** WORK INSTRUCTION **
The following data is to be repeated exactly, its pictures excluded.

** DATA RECORDS **
■ ■ ■ ■ ■ ■ ■
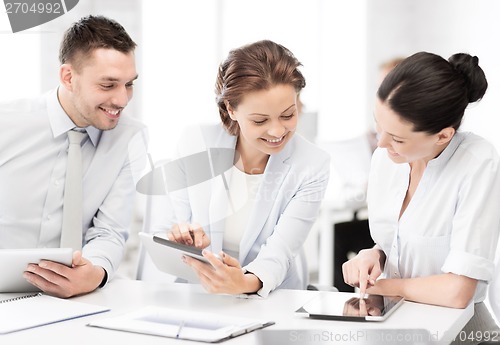 Image of business team working with tablet pcs in office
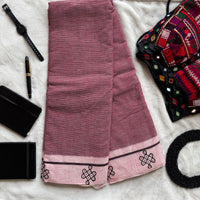 Flatlay of Patteda Anchu cotton saree with black checks and kolam block print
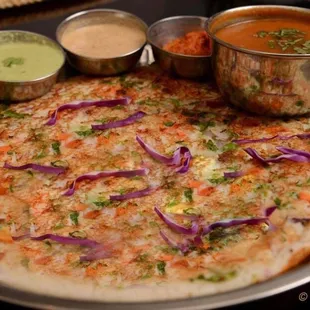 a flatbread pizza with vegetables and sauces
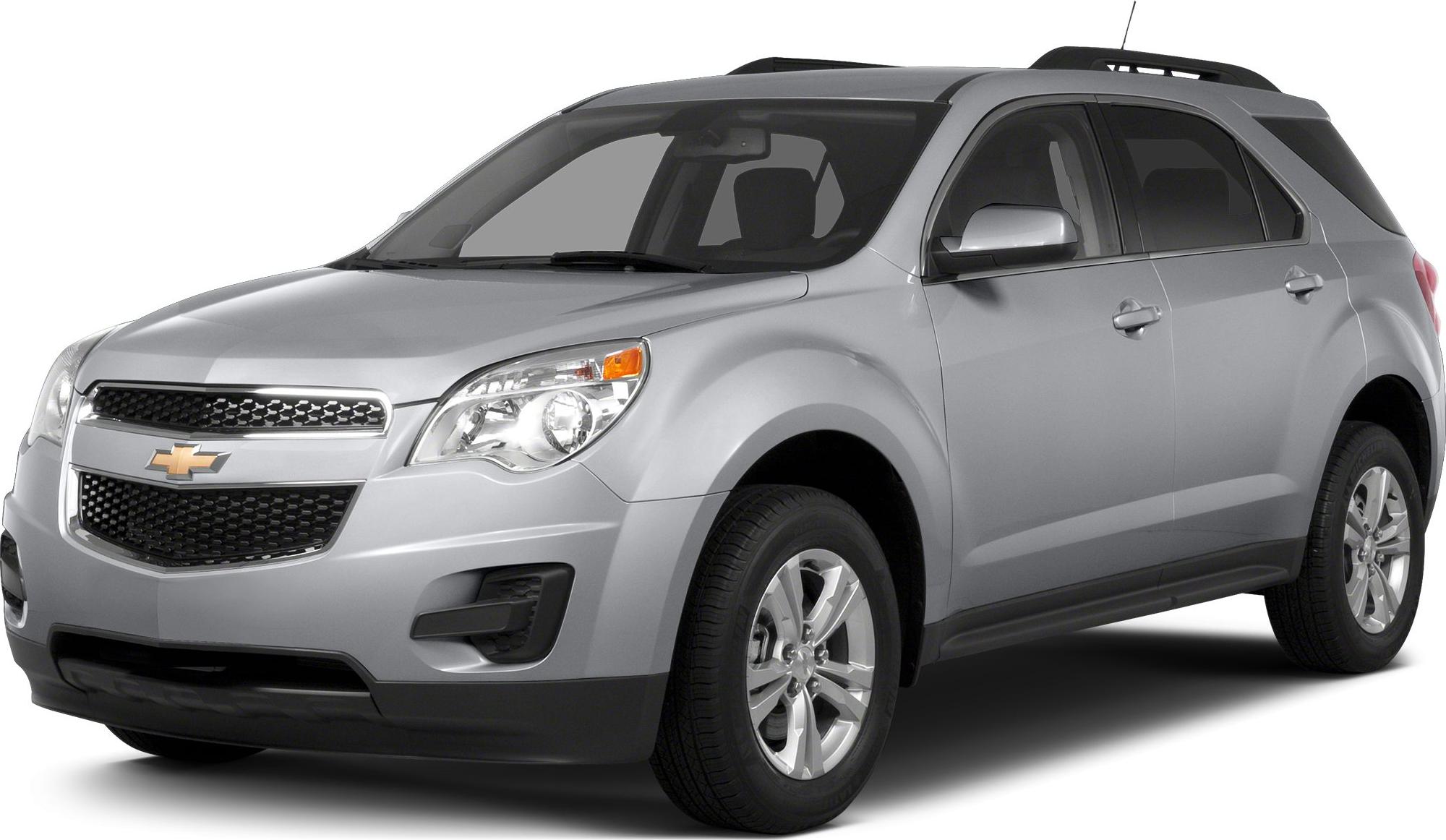 Front side view of silver SUV with alloy wheels and roof rails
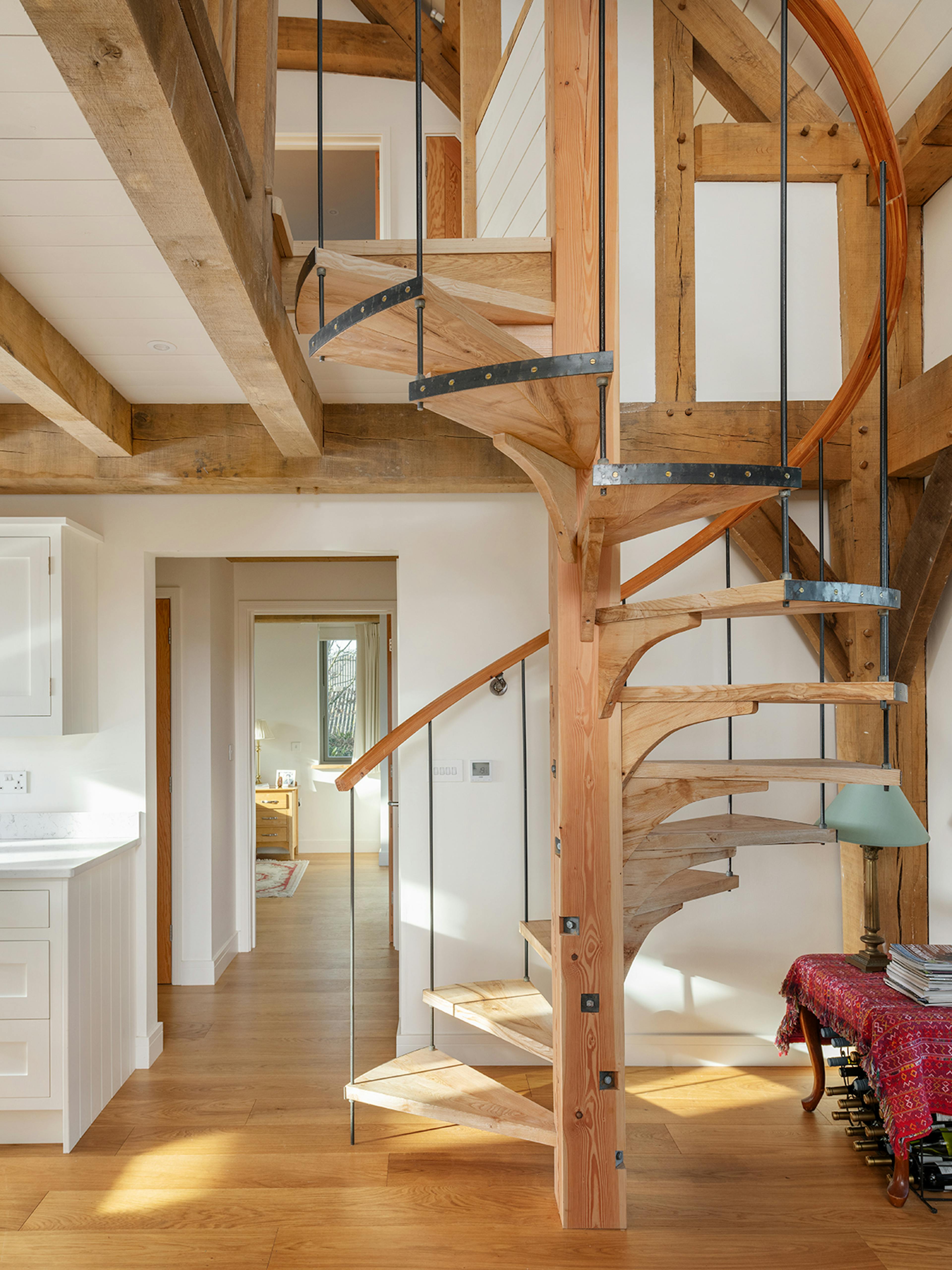 A timber wooden spiral staircase in an oak framed home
■ ■ ■ ■ ■ ■ ■
** RESPONSE FOR THIS EXERCISE **
 Image of business team working with tablet pcs in office
 Flatlay of Patteda Anchu cotton saree with black checks and kolam block print
 a flatbread pizza with vegetables and sauces
 Front side view of silver SUV with alloy wheels and roof rails
 A timber wooden spiral staircase in an oak framed home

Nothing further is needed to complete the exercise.